I am no philosopher but some reading a month or two ago left me with the impression that philosophers were generally against equality of opportunity! Here are a couple of examples I can pull up readily:

Schaar, John H. 1981 [1967]. Equality of opportunity and beyond. in Legitimacy in the modern state, edited by John H Schaar. London: Transaction Publishers.

Joseph, Lawrence B. 1980. Some ways of thinking about equality of opportunity. The Western Political Quarterly 33(3):393-400.

E of opp is essentially concern for fair process. E of outcome is a concern for a fair outcome.

What the philosophers don’t seem to discuss but lawyers and political scientists do, is equality under the law (or equal treatment of equal people) which is the pragmatic compromise of the other two – ie let the properly qualified person interpret the official rules to achieve a proper outcome. That will be by definition both a fair process and a fair outcome.

Maybe the independent, individualistic, equality of opportunity position is currently so pervasive that it is becoming impossible to be forthrightly for E of outcome, so one has to argue in terms of luck and deserts in order to be in the debate. Put another way: could luck and deserts be a backs-to-the-wall attempt to rescue SOME equality of outcome?

Mike Pepperday
Mike Pepperday
16 years ago

James, I don’t think we disagree. Yes, equality of opportunity will send all the kids to the same quality of schools so that they all get an equal opportunity to make a success of their lives.

But then X commits a crime and those who would say it is not his fault will not admit that he really had an equal opportunity. Never (unless he is actually out of the aristocracy).

I can’t set out schools of thought but isn’t that what affirmative action is all about? Yes, that is only for the unlucky but isn’t the unluck never-ending? Yes, the school that wants redistribution after the luck is eliminated surely does not exist. But E of outcome proponents will never recognise said elimination. Grasshoppers are born that way!

Don Arthur
Don Arthur
16 years ago

Mike – Thanks for the two references. I hadn’t come across either.

I was a bit surprised by this comment:

What the philosophers dont seem to discuss but lawyers and political scientists do, is equality under the law (or equal treatment of equal people) which is the pragmatic compromise of the other two – ie let the properly qualified person interpret the official rules to achieve a proper outcome. That will be by definition both a fair process and a fair outcome.
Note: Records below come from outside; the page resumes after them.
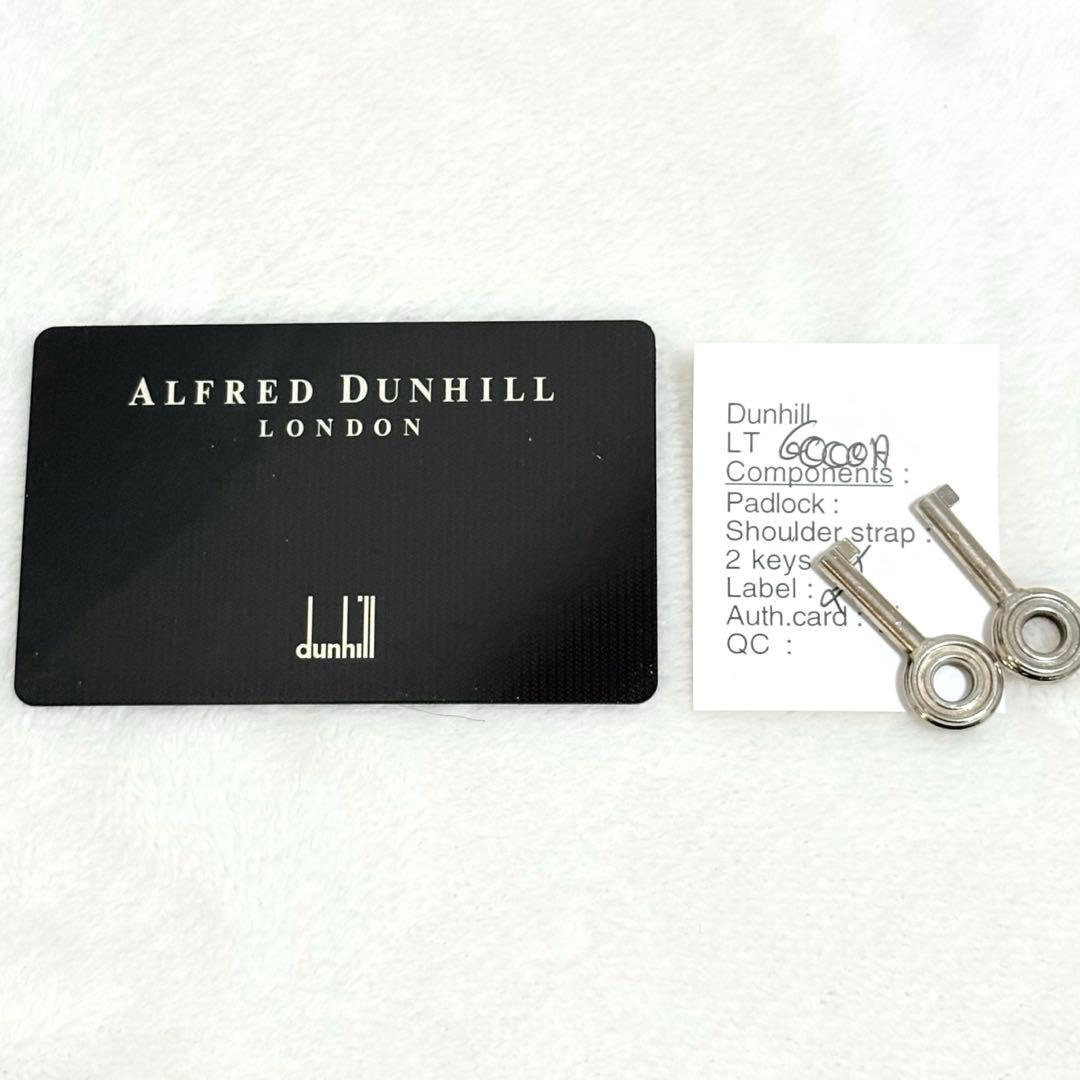 ◆未使用保管品◆ダンヒル ビジネスバッグ 黒 ブリーフケース レザー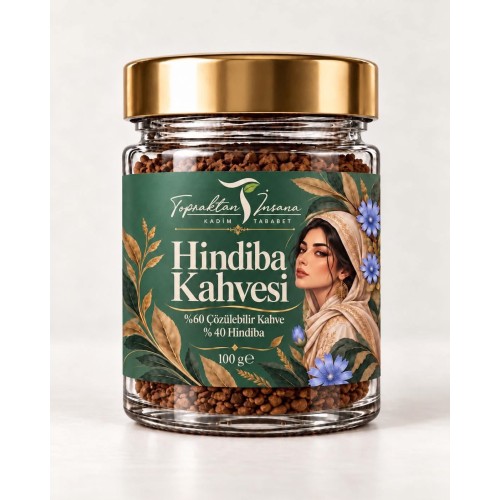 HİNDİBA KAHVESİ 100 gr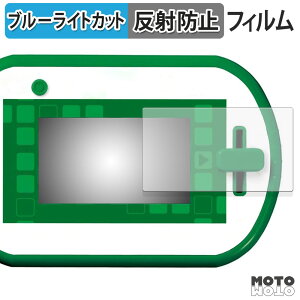 【ポイント2倍】 保護フィルム タカラトミー アニアとあそぼう! 小学館の図鑑NEOPad ( 画面 ) ブルーライトカット フィルム アンチグレア 日本製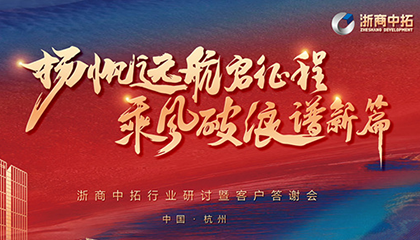 浙商中拓集团股份有限公司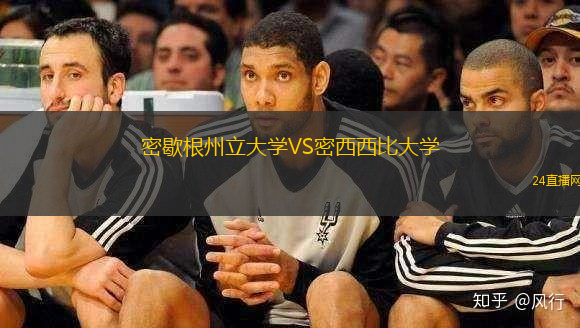 密歇根州立大學VS密西西比大學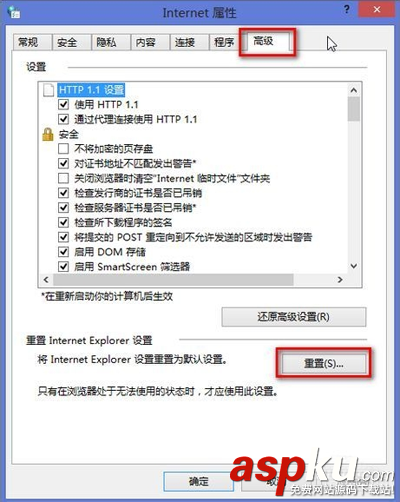 ie瀏覽器已停止工作,win7,ie瀏覽器停止工作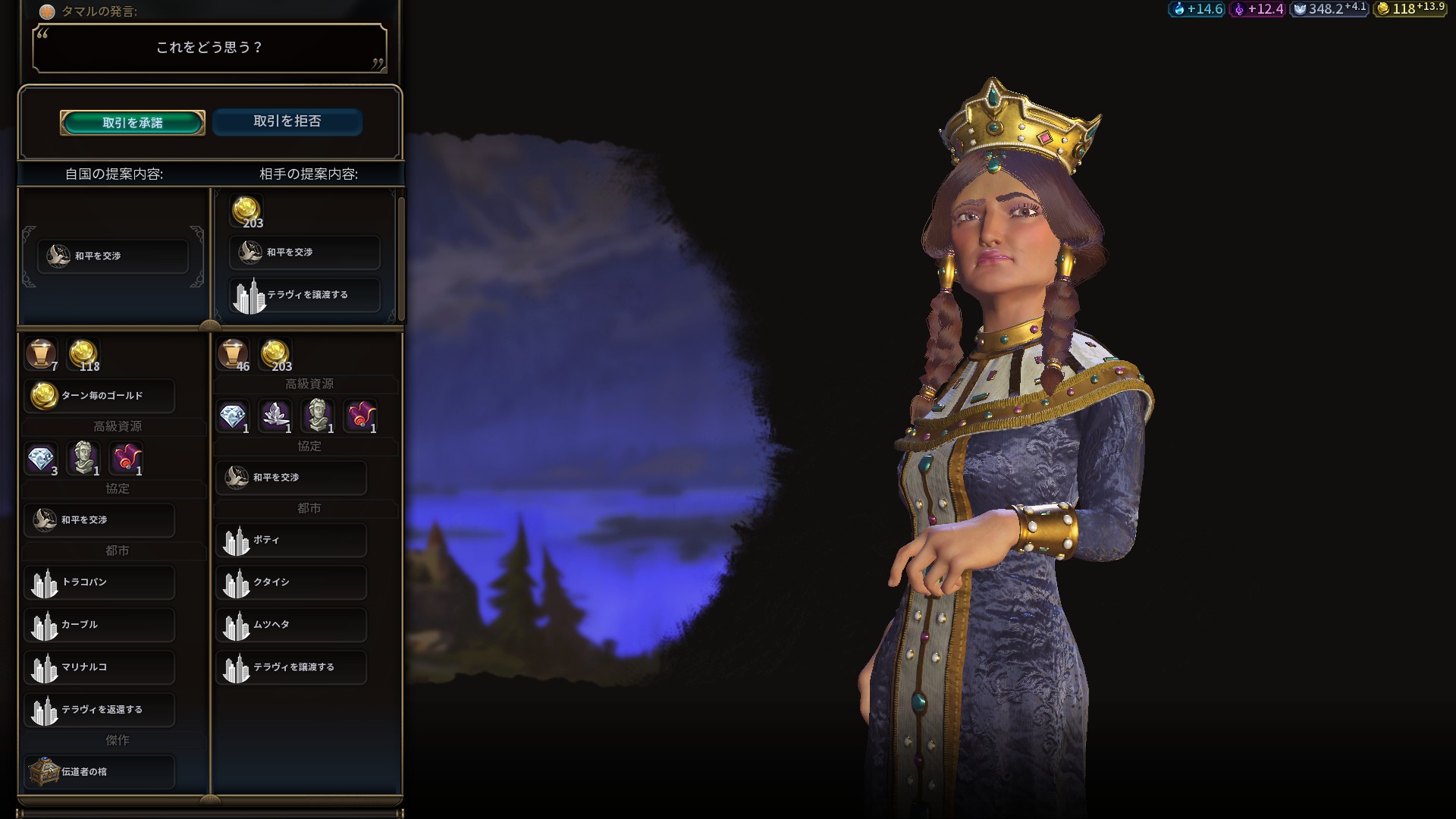 20190502004649_1.jpg 20190502004649_1.jpg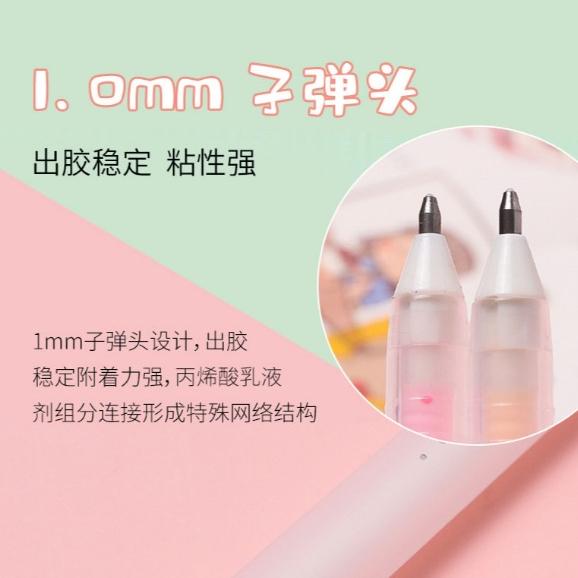 【小薰選品】台灣現貨 速乾點膠筆 點點膠筆 筆型膠 點點膠 手帳裝飾筆 膠水 膠水筆 筆型膠水 點點筆 黏貼筆-細節圖6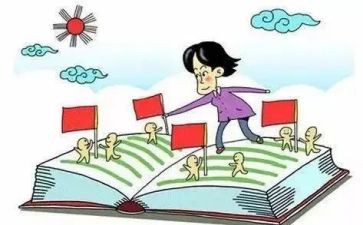 英语教师课改工作计划5篇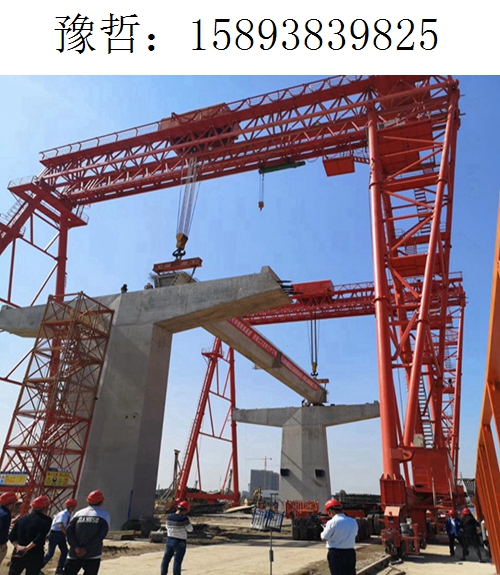 9825豫哲龙门吊039 9825豫哲龙门吊039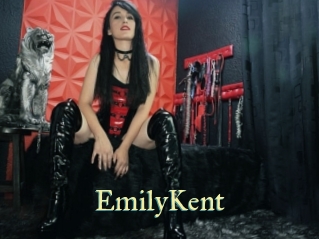 EmilyKent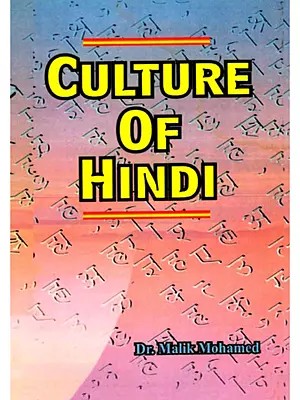 Culture of Hindi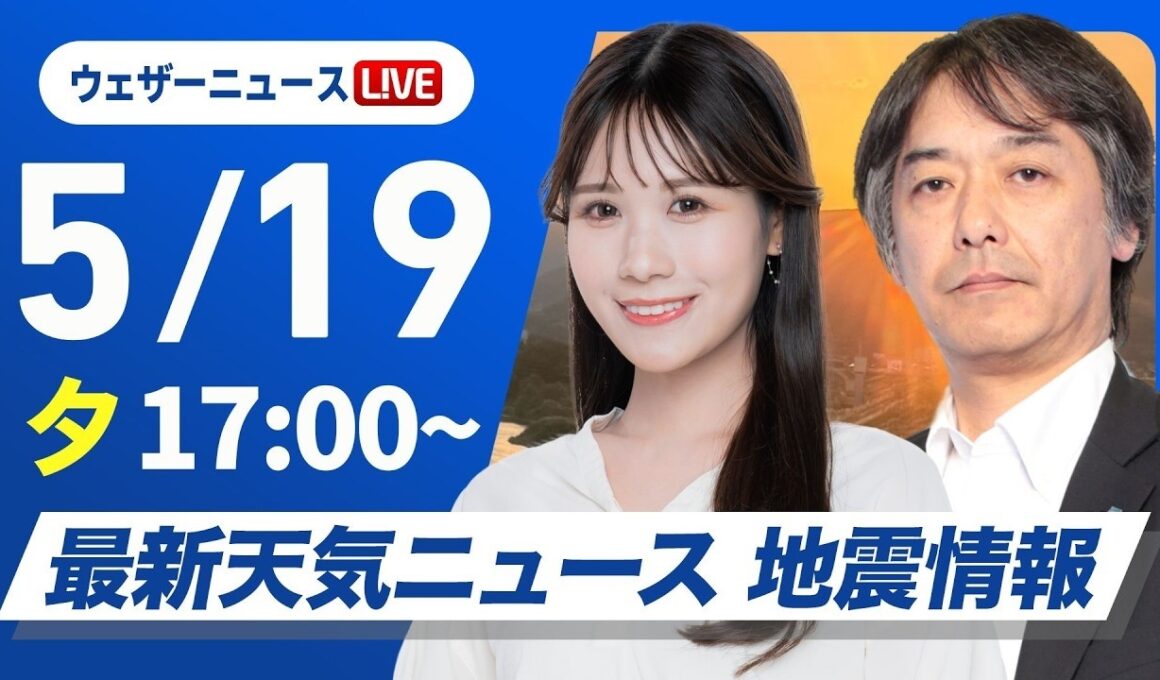 【ライブ】_最新天気ニュース・地震情報 2026年5月19日(火) ／〈ウェザーニュースLiVEイブニング・戸北美月／宇野沢達也〉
Maybe my experience of the literature is biased, but it seems to me that there are plenty of philosophers who discuss Rawls’ ideas about ‘pure procedural justice.’ For example, here’s Elizabeth Anderson:

In a system of pure procedural justice, the justice of outcomes is not definable apart from the procedures that produce them. Judgments of justice attach fundamentally to rules or procedures; outcomes are just in virtue of the justice of the process that produces them. Games exemplify a system of pure procedural justice. As long as the rules of a game are fair, any outcome that results from everyone’s following the rules is fair.

Mike Pepperday
Mike Pepperday
16 years ago

Don, perhaps I stand corrected. Or perhaps not.

Anderson writes on procedural justice, like Rawls, but then I suppose any philosopher who is trying to find a middle road on equality (which seems to me to be something any liberal has to address) will be seeking to establish rules, or principles that can be made into rules. What about my specific point of “equality under the law”?

This is the equality that Anatole France was caustic about: “The law, in a majestic concern for equality, forbids rich and poor alike to sleep under bridges, to beg in the streets and to steal their bread.” Adam Smith said it more prosaically: “Civil government, so far as it is instituted for the security of property, is in reality instituted for the defence of the rich against the poor, or of those who have some property against those who have none at all.”

I can list some pol sci and lawyer discussions of this but I don’t know if there is a philosophy debate on it. Do you know any? We have these principles of E of outcome and opportunity but the real world has to put up with the law. What should be its principle?

Don Arthur
Don Arthur
16 years ago

Mike – Im not sure what youre getting at here.

The debate over rules is a debate over what the laws should be. As Rawls writes, the legal system is a public system of rules addressed to rational beings for the organization of their conduct in the pursuit of their substantive interests.

As for equality under the law, isnt this really just a demand that the rules are public, that similar cases are treated similarly, that there are no bills of attainder, and the like? If the laws only apply to some people some of the time then youre not living under the rule of law.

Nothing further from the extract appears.